Cases and controls are important when anticipating or conducting an epidemiological study. This is because both controls and cases are factors that can be used to compare and contrast on the outcome of the epidemiological study. These factors (i.e. cases and controls) helps the researcher or investigator to evaluate properly, the outcome of any experiment or study conducted in a given locality or population.

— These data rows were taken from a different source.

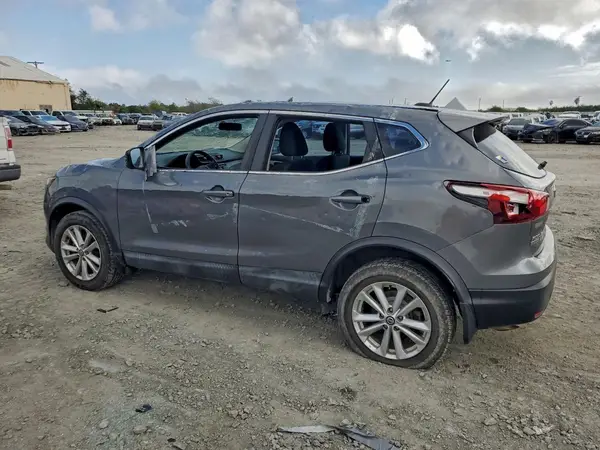JN1BJ1CP0KW211237 2019 NISSAN ROGUE - Image 2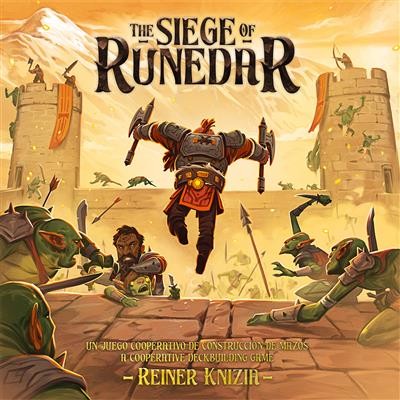 Siege of Runedar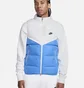 Жилетка мужская Nike Storm-Fit Windrunner White/Light Blue FB8193-100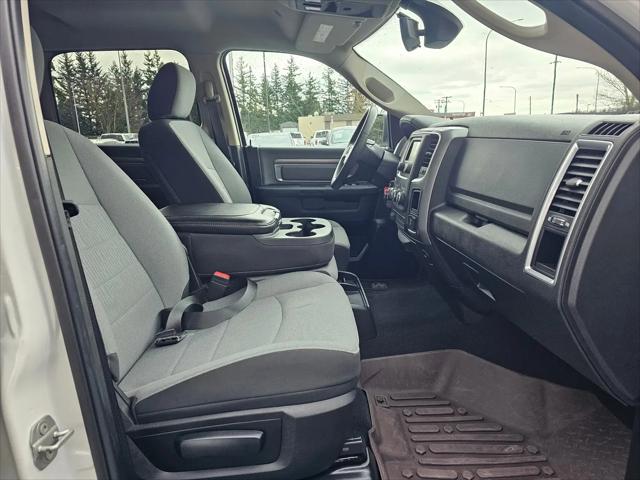 2022 Ram 1500 Classic SLT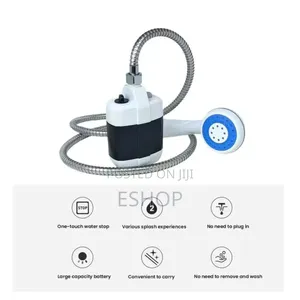 Maintain Hygiene While Traveling With a Portable Shower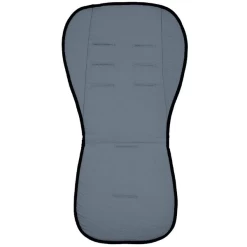 Altabebe Buggysitzauflage Lifeline Mesh Dunkelgrau
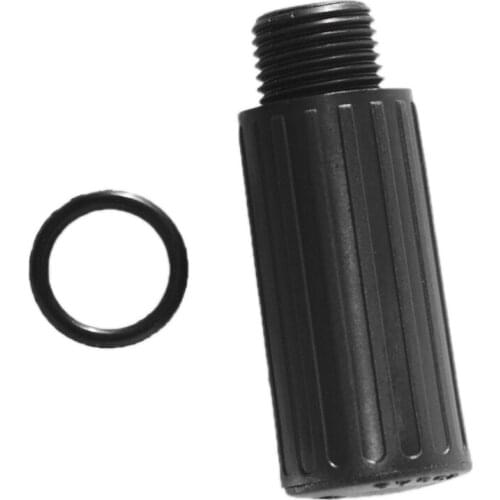 5Pcs Oil Cap Plug Air Compressor For Craftsman Powermate /Coleman Husky Replacement Parts Black Thread M15 1.50mm Accessories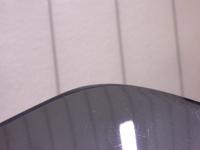 M26869 スペイド_ポルテ 140系 前期 右ドアミラー メッキ NCP141_NCP145_NSP140 ( 0300000065375 )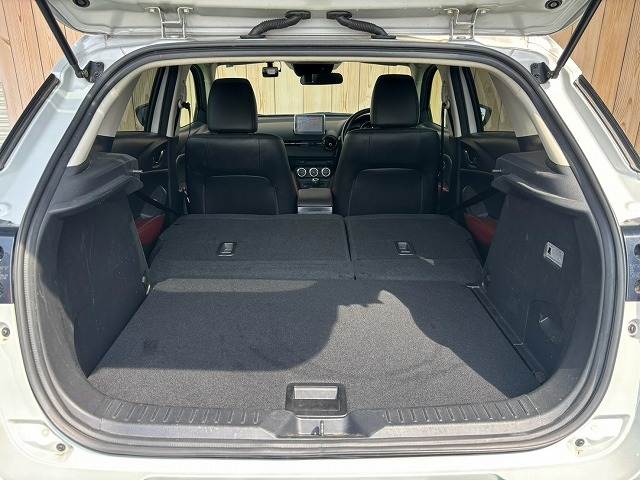 マツダ&nbsp;CX-3の画像13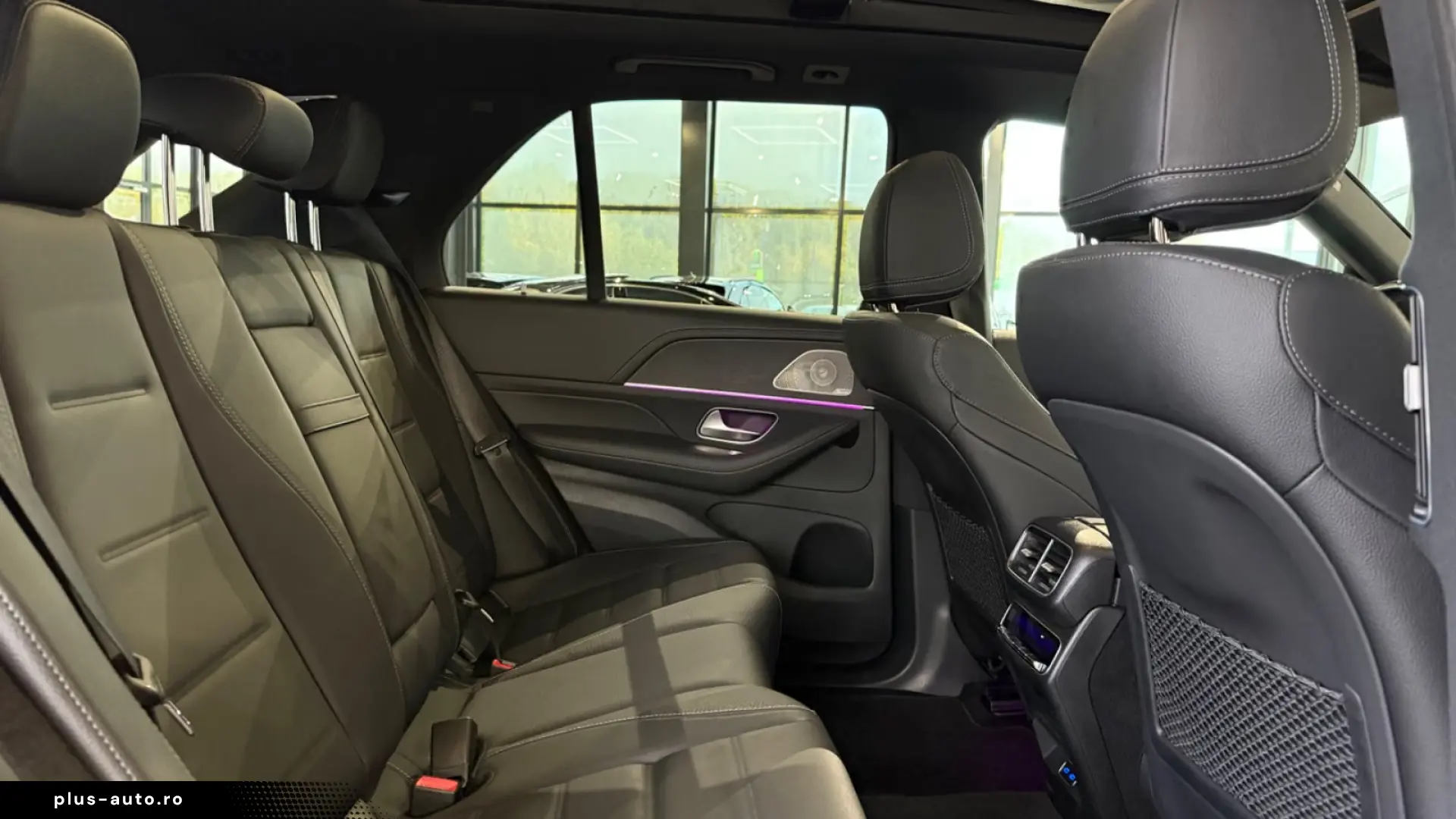 Mercedes-Benz GLE 350 de 4MATIC   AMG LINE • PHEV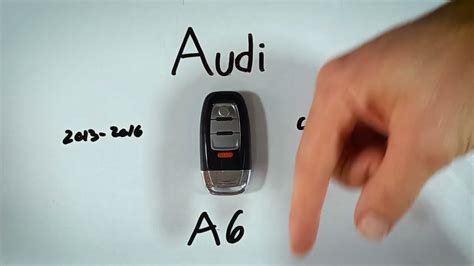 Image result for Reprogram Audi A6 Key FOB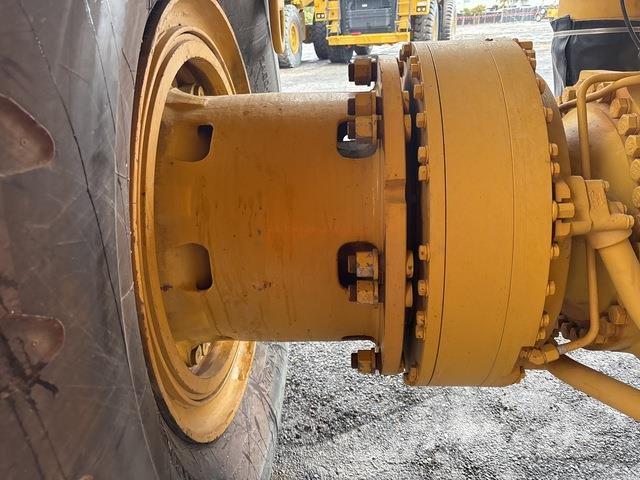 CAT 773E Knik dumptrucks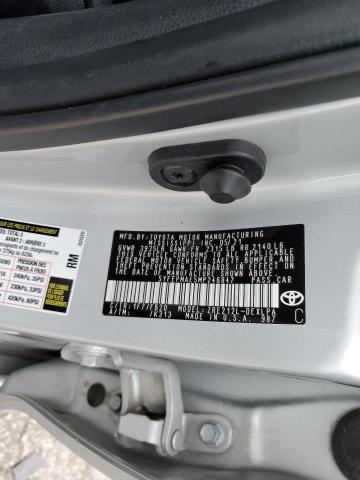 5YFEPMAE5MP246847 Toyota COROLLA LE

In this section, the sources of both controls and cases for an epidemiological study are briefly highlighted in this section.
Cases in an epidemiological study can be sourced in any of the following ways:
- Data from hospital registries, clinics and disease screening records.
- All cases diagnosed in a particular hospital department at a given time.
- All cases diagnosed in the community/population.
- All cases diagnosed in all hospitals (public or private).
- All cases diagnosed in a sample or fraction of the population/community.
SOURCES OF CONTROLS IN AN EPIDEMIOLOGICAL STUDY
Controls in an epidemiological study can be sourced in any of the following ways:
- Samples of patients who do not have the disease under study in all hospitals.
- Samples from members of the general community/population who are at risk for the disease as the cases.
- Relations, spouses, children or companions of the cases.
- Samples of patients in the same hospital where cases were obtained from and, who do not have the disease.
- Non-cases in a sample of the community/population.